Saturday, July 7, 2007

Once I Browsed

Consider the contrast between these two journal entries:

May 18, 2004
I do not remember exactly when my fixation with twilight began. The waning light of day and the lowered tone of the wind have such cathartic effects on me. It is perhaps my brooding nature and melancholic proclivities that find an affinity with this time of day, when everything mellows down to a quietness which calms even the most fiery of souls. The equilibrium between light and dark fills me with a sense of reflection. Dusk finds me in my most pensive state.

July 20, 2005
The rain is falling and it is awfully dark outside. It’s two fortyin the afternoon and yet it seems like twilight. There is a congruence to the words twilight and gloom.
Loneliness is a terrible thing. It makes the soul shrink unto itself, like there’s nowhere else to go except inwards, and one does not know what one will find there. Lonely. There is a sense of finality in the letters, as if there is nothing in between them, not even shadows. Just nothing.
Nothing.
The word sadness is altogether different.
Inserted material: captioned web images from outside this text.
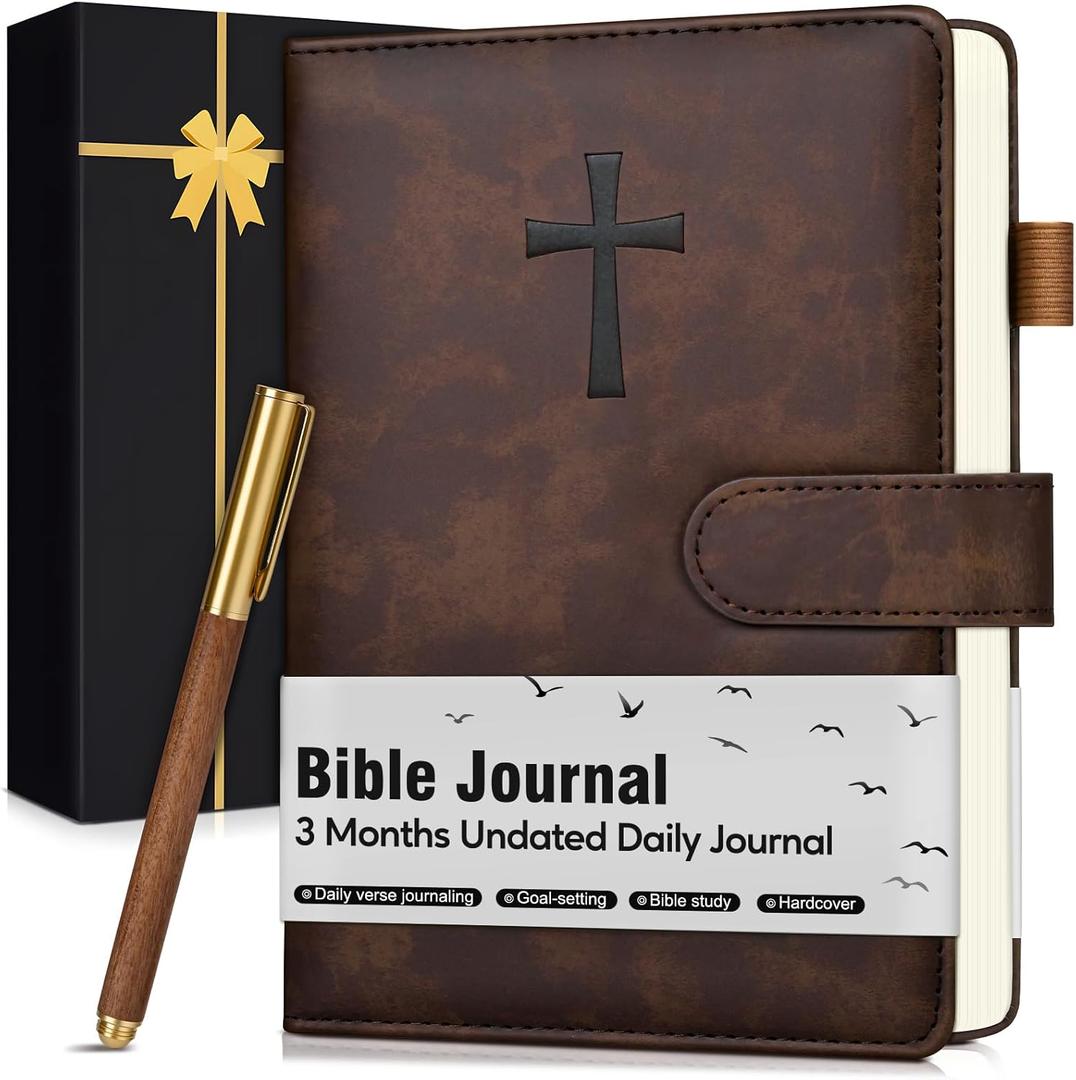 Leather Christian Bible Journal for Men, Prayer Journal for Scripture Study & Daily Devotional, Undated Church Notes Notebook, Jesus Religious Faith Gifts for Pastor, Graduation, Baptism, Brown
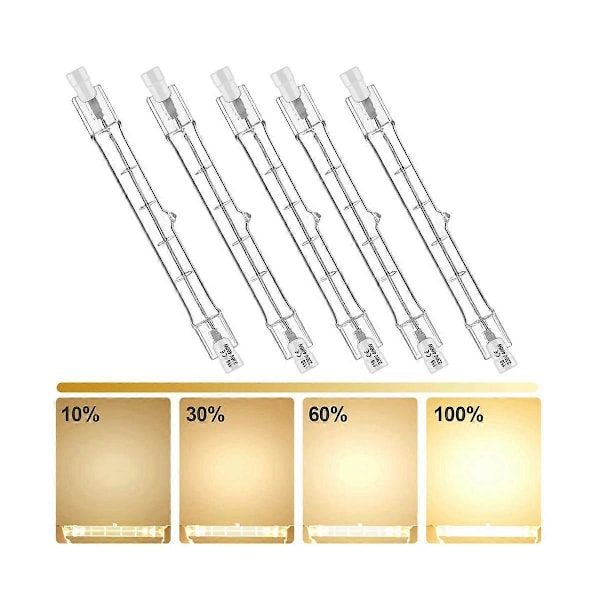 5-pak R7S 118mm 300W 230V, R7S Halogen Lineær Lyspære, Dimbar Halogenlampe for Byggearbeid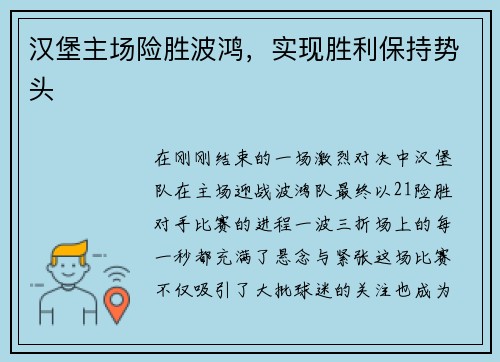 汉堡主场险胜波鸿，实现胜利保持势头
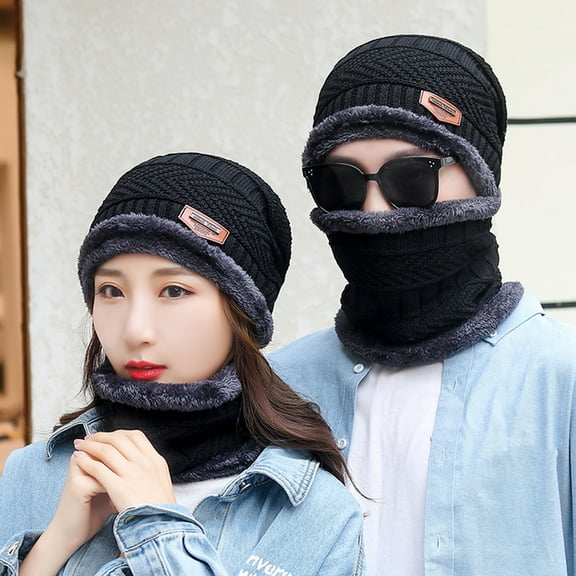 2 Pcs/Set Winter Beanie Hat Scarf Warm Thick Knit Set for Men Women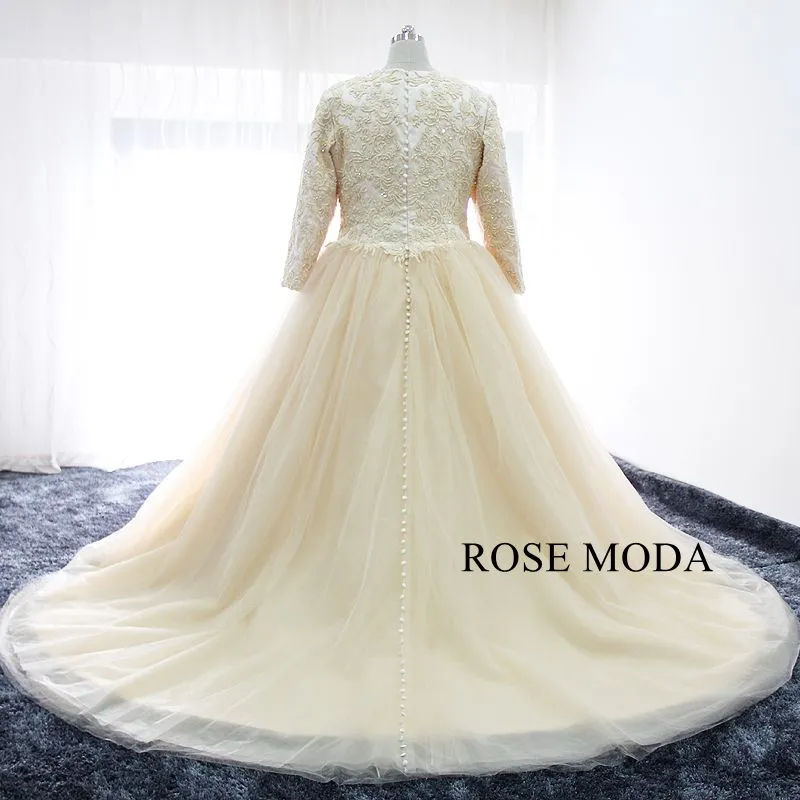 Rosemoda Plus Size Champagne Long Sleeve Muslim Ball Gown Wedding Dress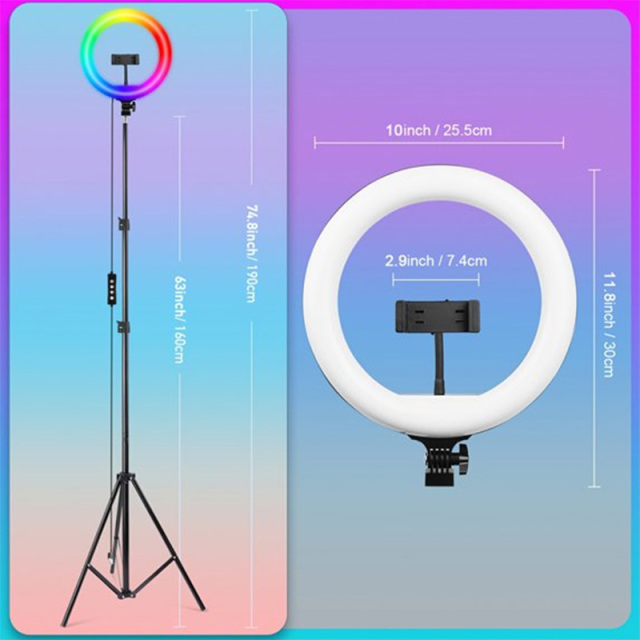 ZOMEI 10" RGB Selfie Ring Light With Adjustable Tripod, Ext Rod & Phone Holder - for Makeup, Live, Photography, RGB Modes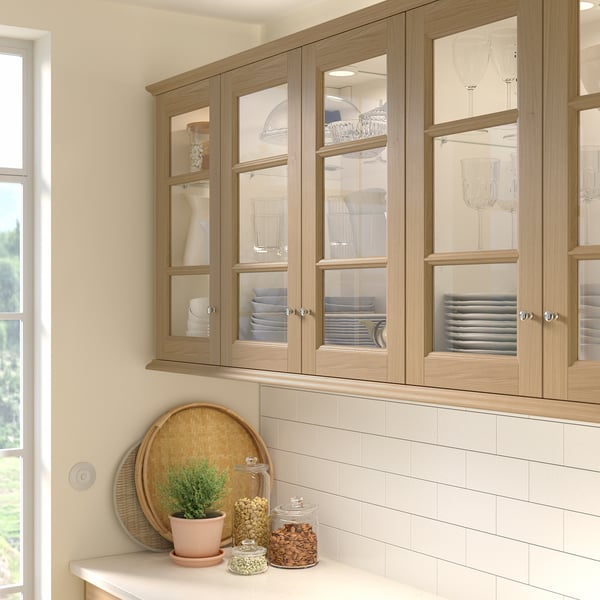 VEDHAMN Glass door, oak, 18x30 "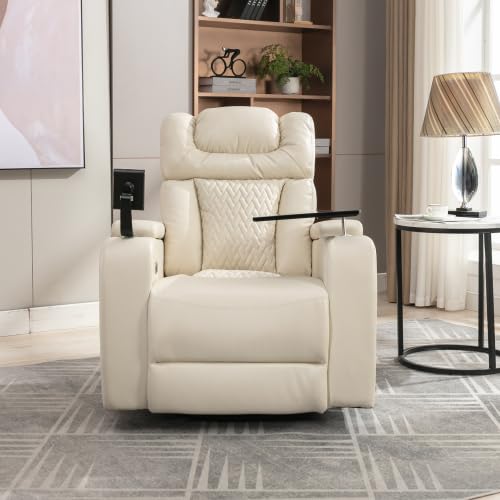 270 Degree Swivel PU Leather Power Recliner Individual Seat Home Theater Recliner with Comforable Backrest, Tray Table, Phone Holder, Cup Holder, USB Port (White) BOX 1 of 2 ONLY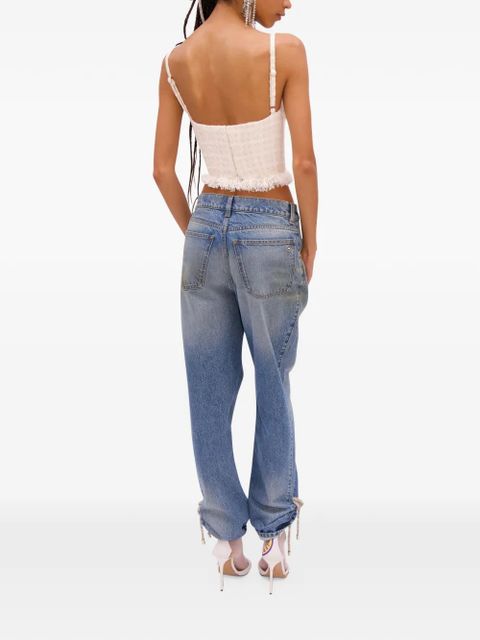 AREA tweed-texture top - Neutrals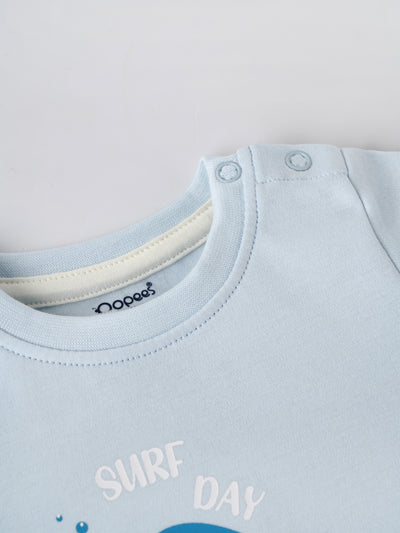 Popees Baby Boys T-Shirt and Shorts Set| Light Blue & Navy| Newborn-12 Months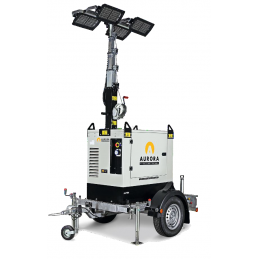 Tour d'éclairage tractable AURORA ALPHA K-L-4X320-F - 4 LED 320W 5000 m², GE Kolher Diesel 1500 rpm, H 8.5m levage manuel - SMGW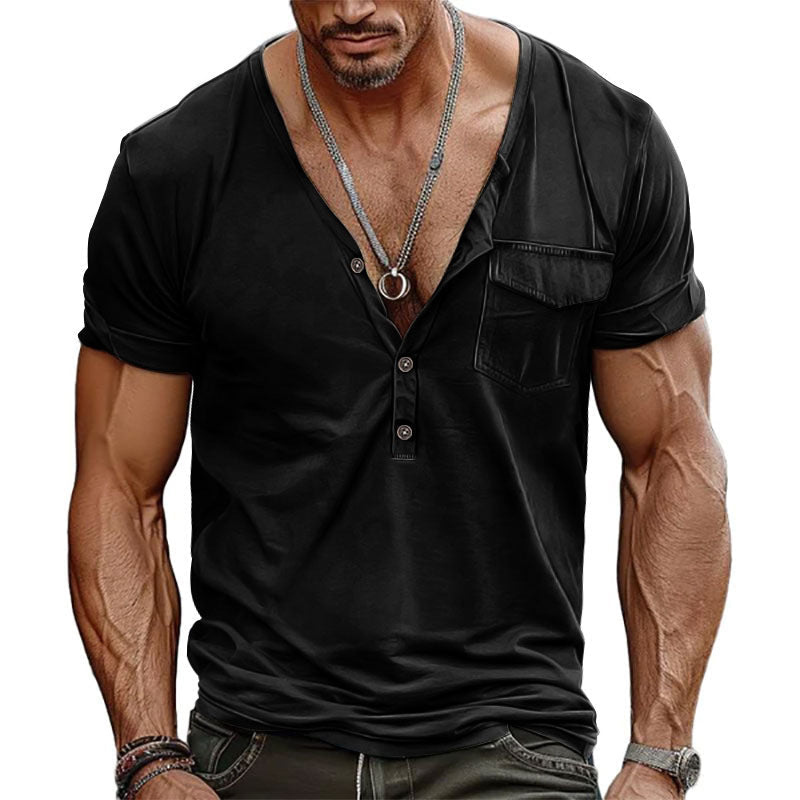 Herren Kurzarm-Henley-T-Shirt mit dekorativer Brusttasche und modernem Schnitt R&B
It seems incredibly mundane, when placed beside loneliness. Sadness is something temporary, like a thunderstorm on a summer’s day; one is sure it will go away, even as one basks in the middle of it.
But loneliness. It is twilight, and then the darkness that comes after twilight. It goes away, but is certain to come back. Daylight obscures it, but only for so long.
It is part of, if not the, landscape.
Loneliness, I have to confess, has become one of my favorite words.